US in DESPERATE BID to fight China's influence in Asia as Beijing plots economic empire

Daily Express :: World Feed
US in DESPERATE BID to fight China's influence in Asia as Beijing plots economic empire

The United States, Japan, Australia and New Zealand hope to provide 60 percent of homes in the country with electricity by 2030. At present only 13 percent of the Papua New Guinea population can access electricity.

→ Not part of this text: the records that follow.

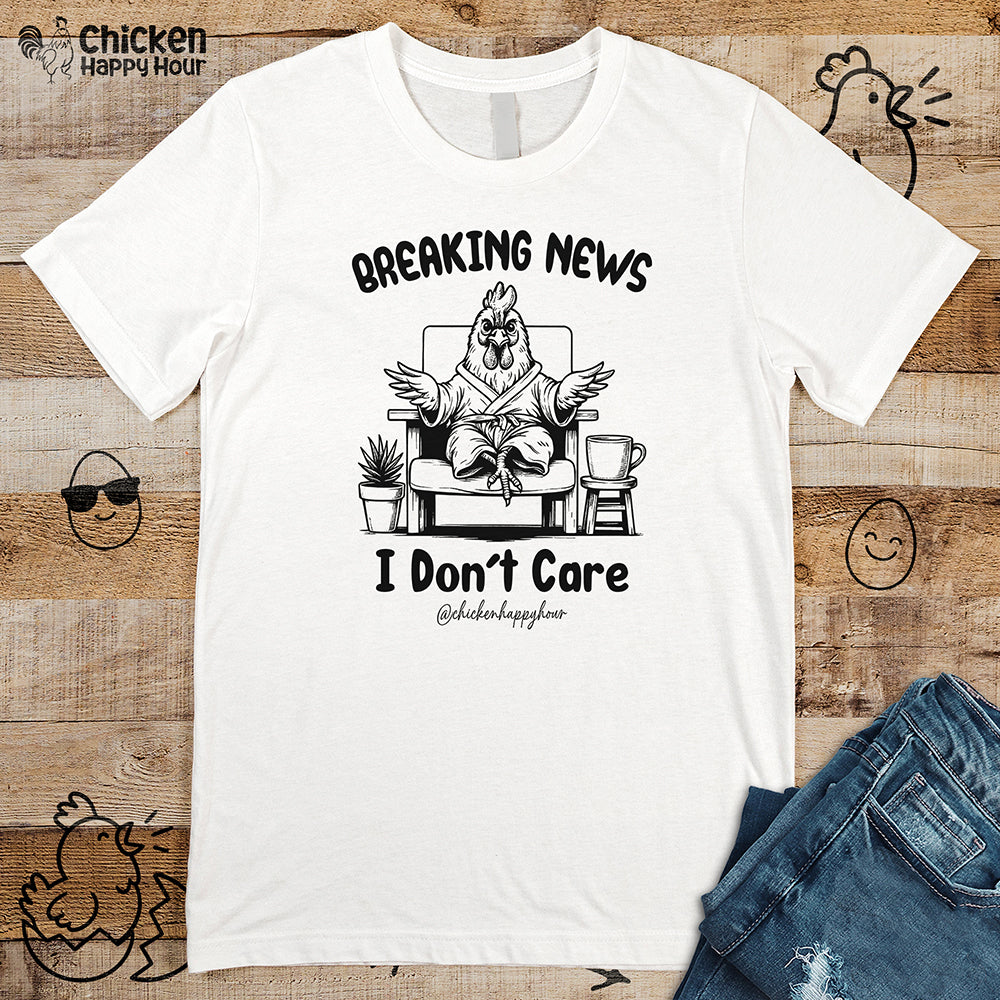 Breaking News I Don't Care Unisex Tee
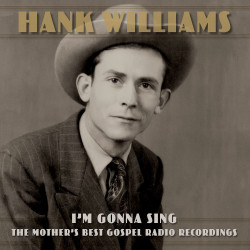 HANK WILLIAMS - I’M GONNA...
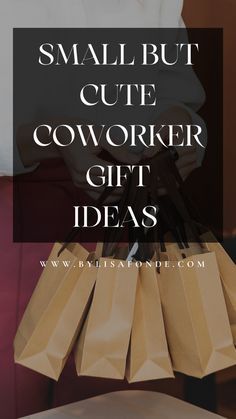 the words small but cute coworker gift ideas are overlaid with shopping bags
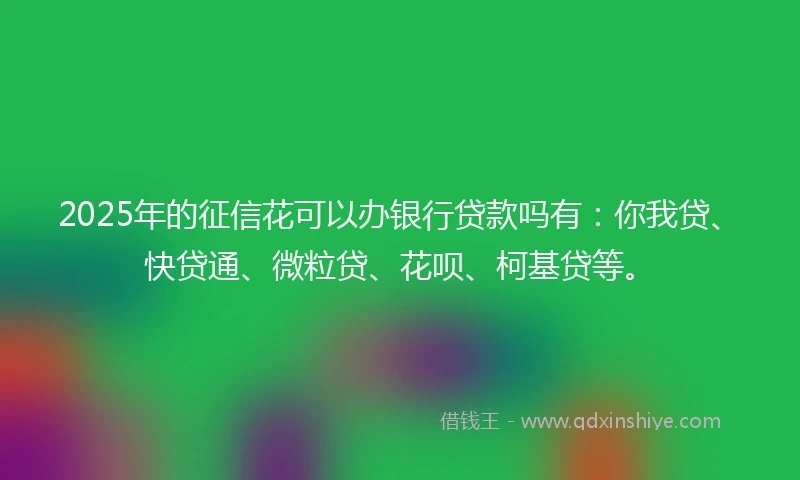 2025年的征信花可以办银行贷款吗有：你我贷、快贷通、微粒贷、花呗、柯基贷等。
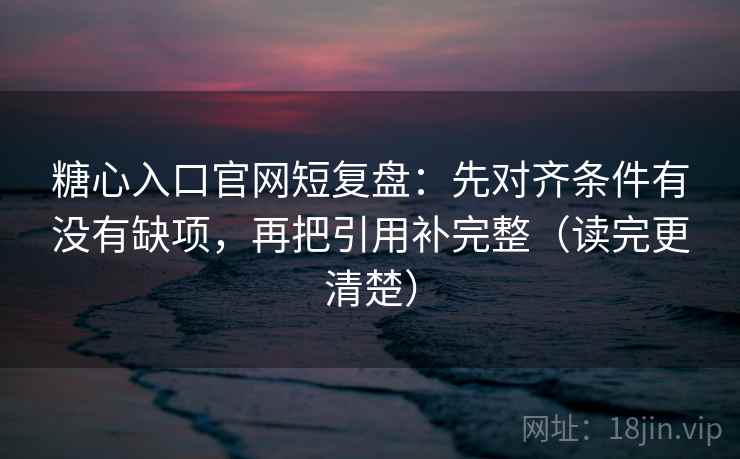 糖心入口官网短复盘:先对齐条件有没有缺项,再把引用补完整(读完更清楚) 糖心入口官网短复盘:先对齐条件有没有缺项,再把引用补完整(读完更清楚)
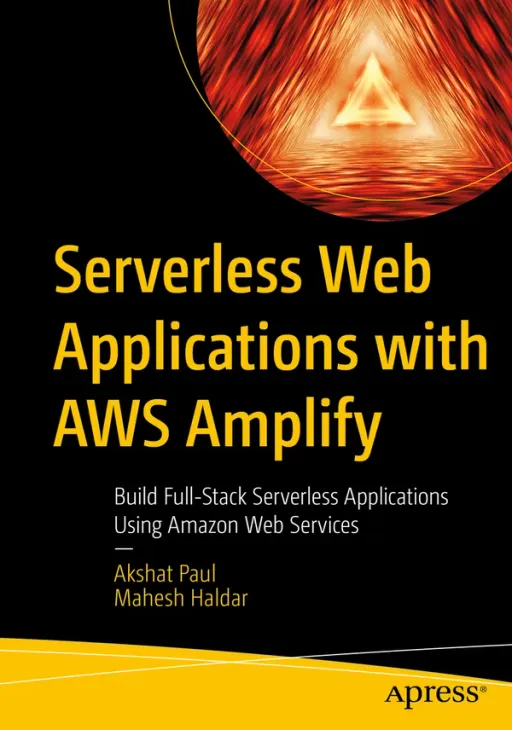Portada de Serverless Web Applications with AWS Amplify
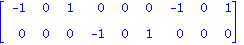 matrix([[-1, 0, 1, 0, 0, 0, -1, 0, 1], [0, 0, 0, -1, 0, 1, 0, 0, 0]])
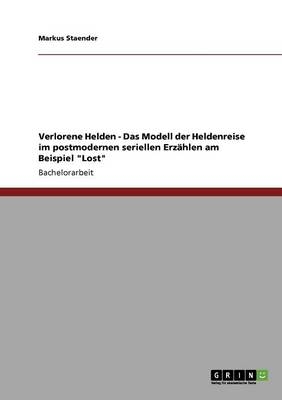 Verlorene Helden - Das Modell der Heldenreise im postmodernen seriellen Erzählen am Beispiel "Lost" - Markus Staender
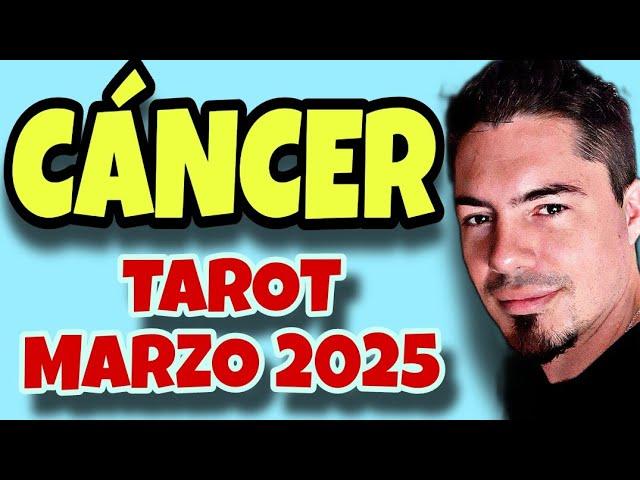 CÁNCER  ¡MADRE MIA! ALGUIEN QUIERE PEGARTE LA CHATEADA DE TU VIDA | Tarot y Horóscopo Marzo 2025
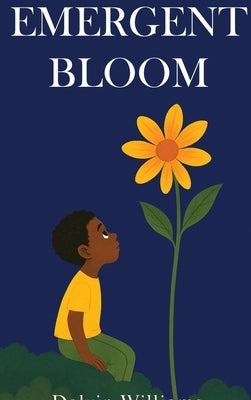 Emergent Bloom by Williams, Dalvin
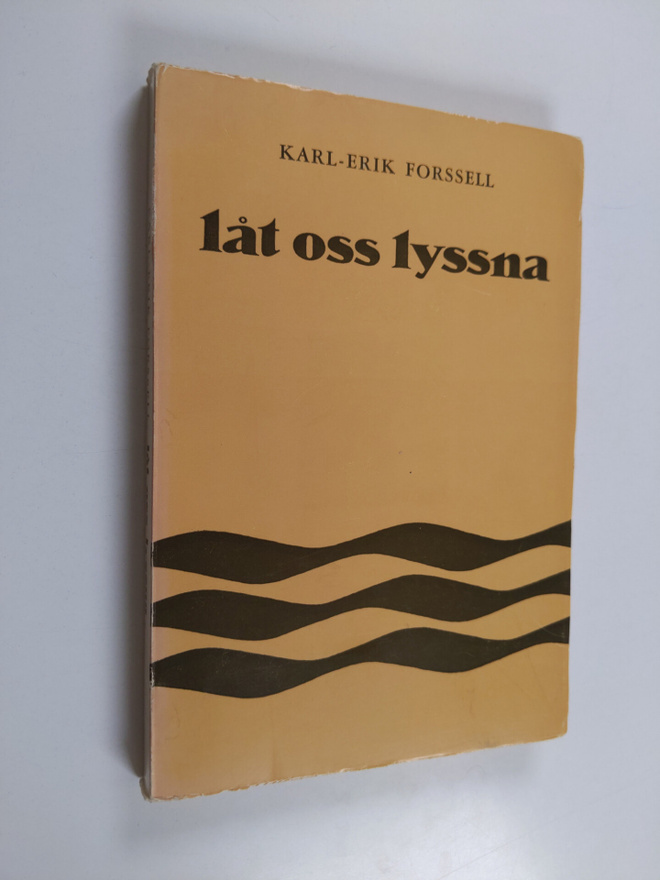 Karl-Erik Forssell : Låt oss lyssna : en hälsning till fö...
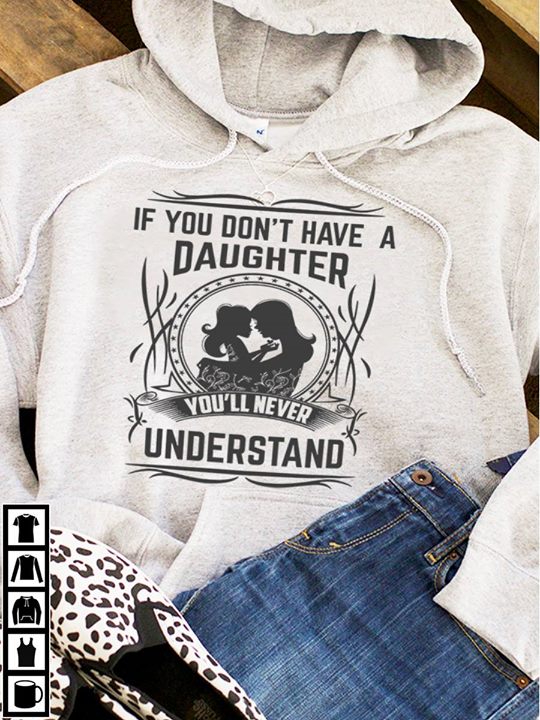 If You Don't Have A Daughter You'll Never Understand Hoodie If You Don't Have A Daughter You'll Never Understand Hoodie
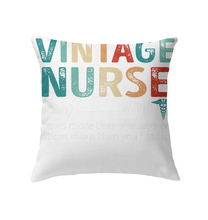 Load image into Gallery viewer, Vintage Nurse Knows More Than She Says And Notices More Than You Realize Pillow Cover

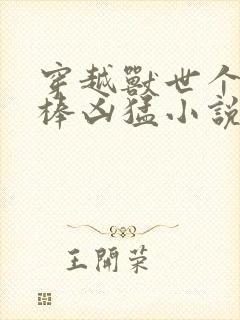 穿越兽世个个巨棒凶猛小说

The deal was announced at the Asia Pacific Economic Cooperation (APEC) forum which met on Saturday in Port Moresby, capital of Papua New Guinea.

 

China has radically increased the amount it spends on aid to Papua New Guinea, challenging Australian and US influence.

A recent submission to a study by Victoria based Deakin University claimed: “Australia’s influence has diminished considerably as a result of the rise in Chinese aid flows.”

One of those interviewed by the study added: “Chinese aid is more effective.

“Chinese aid is unconditional with no strings attached and the Government can use this aid more flexibly.”

Concerns about Beijing’s rising influence in south-east Asia have grown rapidly in western capitals.

A pro-Chinese party, which is widely accused of undermining Cambodia’s multi-party democracy, performed well in the country’s general election earlier this year.

Meanwhile a New York Times report concluded China now conducts more trade than the US with every other Asian country, often by a significant margin.

The Chinese Government has launched a massive project to improve its trade ties across Europe and Asia known formally as the belt and road initiative, and informally as the new silk road.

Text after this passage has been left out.